It’s the beginning of a new year and there is a lot to be achieved over the next 12 months. When looking ahead, it’s important to factor in financial matters. Just as many of us start a new year with the determination to lead a healthier life by overhauling our diet, we should also be overhauling our finances with the goal to achieve a healthier, more positive financial situation.
Before you start planning ways to spend your next salary deposit, have a look at the following steps that will help you set and achieve your financial goals.
Financial goals are different for every person. Your goals might also change as you grow older or become more financially stable. One person might dream about buying a modern double-storey house, while the next person wants to get through the month without having to stress about money.
The very first step in financial goal-setting is to write down your goals, but write it down in a SMART way:
Define clearly what your goal is. “I want to get rich” is not a goal. Define what “rich” means to you. For example: ‘I want to buy my first house’.
Set smaller milestones that you will be able to measure. For example: ‘I want to save-up the deposit by the end of this year’.
Dream big but be realistic. Your goal must be achievable to keep you motivated. For example: Maybe your ideal home is a double-storey home with a big garden and a swimming pool, but maybe you won’t be able to afford it in the given time. Then you should maybe first invest in a townhouse and upgrade to your ideal home later or when you earn more money.
It should be relevant to you; what is your personal financial goal. There is no point in making the
neighbour’s goal your goal.
Set timelines by when you want to achieve what. For example: ‘I want to save-up a deposit to buy
my first house by the end of this year and buy my new house in two years’ time when I have enough money to pay for the transfer costs as well’.
It’s a good idea to review your retirement annuity contributions, as well as your life cover and other insurance products that are deducted off your account every month. Perhaps there is a better deal that you are missing out on, or a way you can update your policy online to ensure it’s in line with your current situation.

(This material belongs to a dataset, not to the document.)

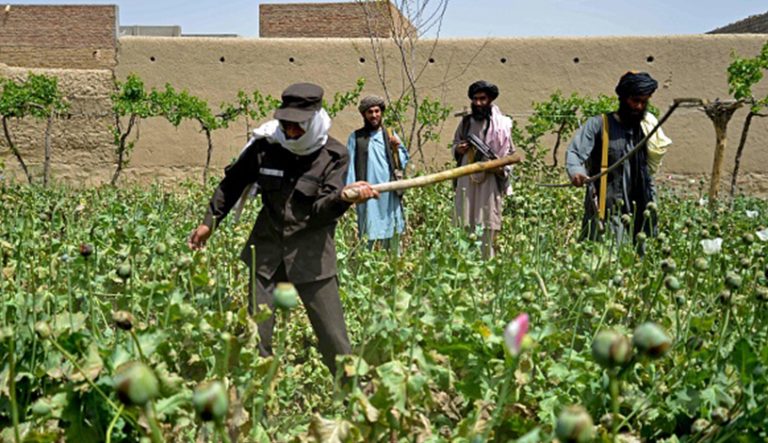 قدردانی رئیس هیئت نمایندگی سازمان ملل از طالبان؛ افزایش نگرانی فعالان مدنی افغانستان   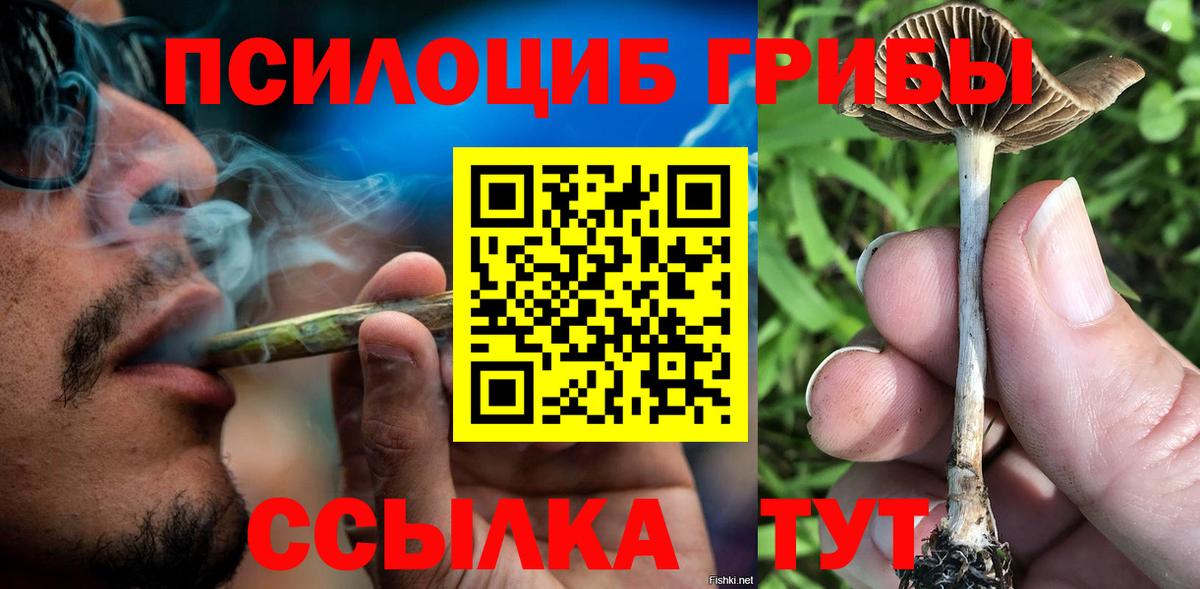 Псилоцибиновые грибы мицелий  Вход с VPN  Псилоцибиновые грибы Magic Shrooms  где купить   Коркино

These should all be factored into your new financial plan.
Your net worth is your assets minus your debt. Knowing this will help you understand how you are doing financially. The most basic way to do this is to write down what you own – cars, property, jewellery, investments and the money in your accounts – to get a final approximate amount. Then list your debt and subtract from the first amount.

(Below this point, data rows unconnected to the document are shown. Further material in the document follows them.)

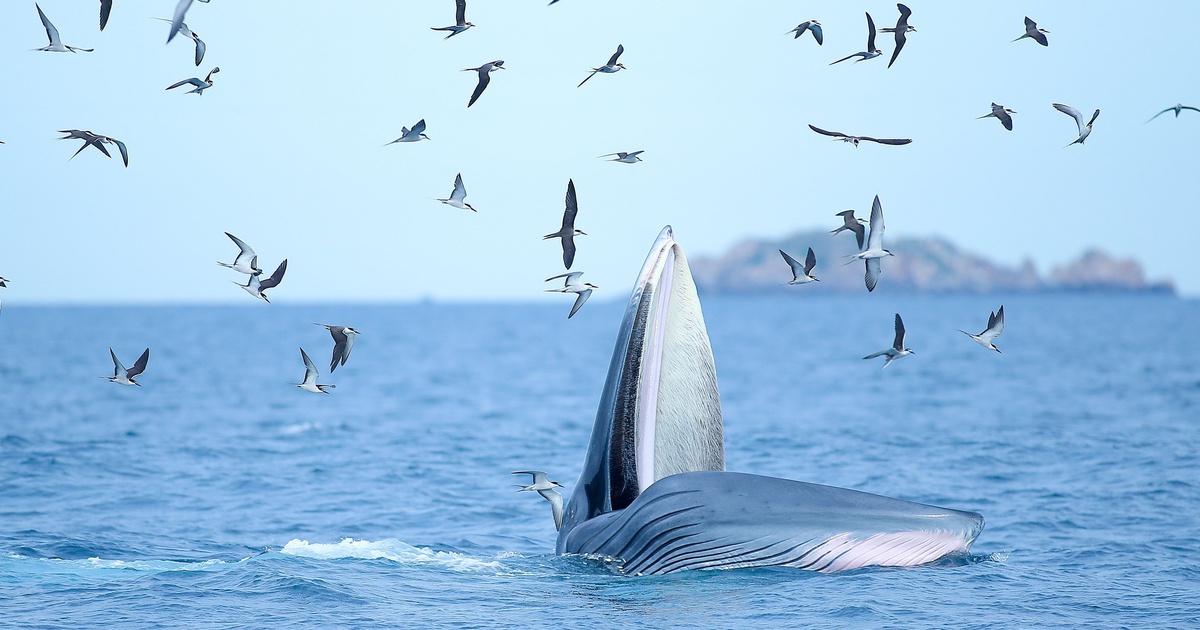 Cá voi xuất hiện ở Bình Định là loài quý hiếm, có nguy cơ tuyệt chủng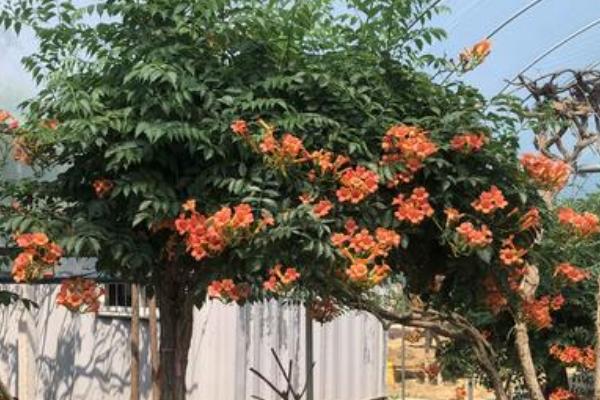 家里不能养凌霄花的原因，容易吸引昆虫进入室内
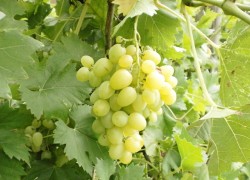 Проверенные сорта винограда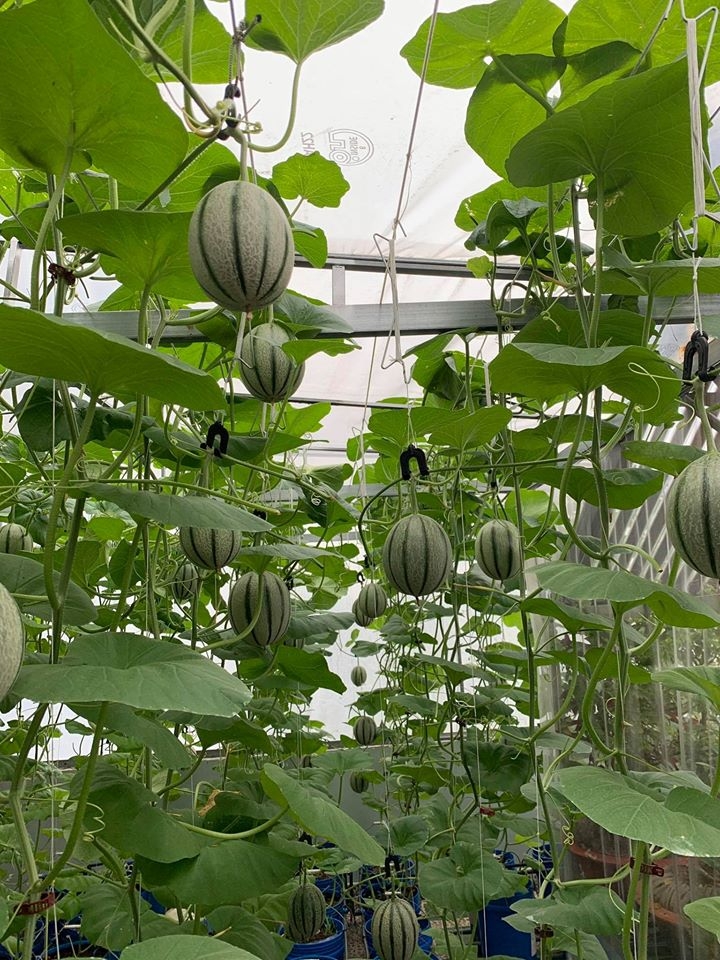 Vườn dưa lưới trĩu trịt quả "bội thu" trên sân thượng rộng 40m2 ở Sài Gòn vuon dua luoi triu trit qua boi thu tren san thuong rong 40m2 o sai gon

Drawing up a simple budget that tracks your income, fixed expenses and changing expenses will help you map out what you can save and what you can put into debt, or just help you stay on track to meet your financial goals. If you don’t already have a budget, click on the link to download our budget planner template, alternatively there are a number of useful apps that can help you get started. If you already have one, then relook it for the new year and tweak according to your new goals.
A financial calendar is basically a monthly review and outline of payments due, expected income and events to remember that will impact your budget. Plan time in your diary to sit down once a month with your financial calendar and check where you are and how your budget is doing. This is a good habit to get into and will help you stick to the ultimate plan.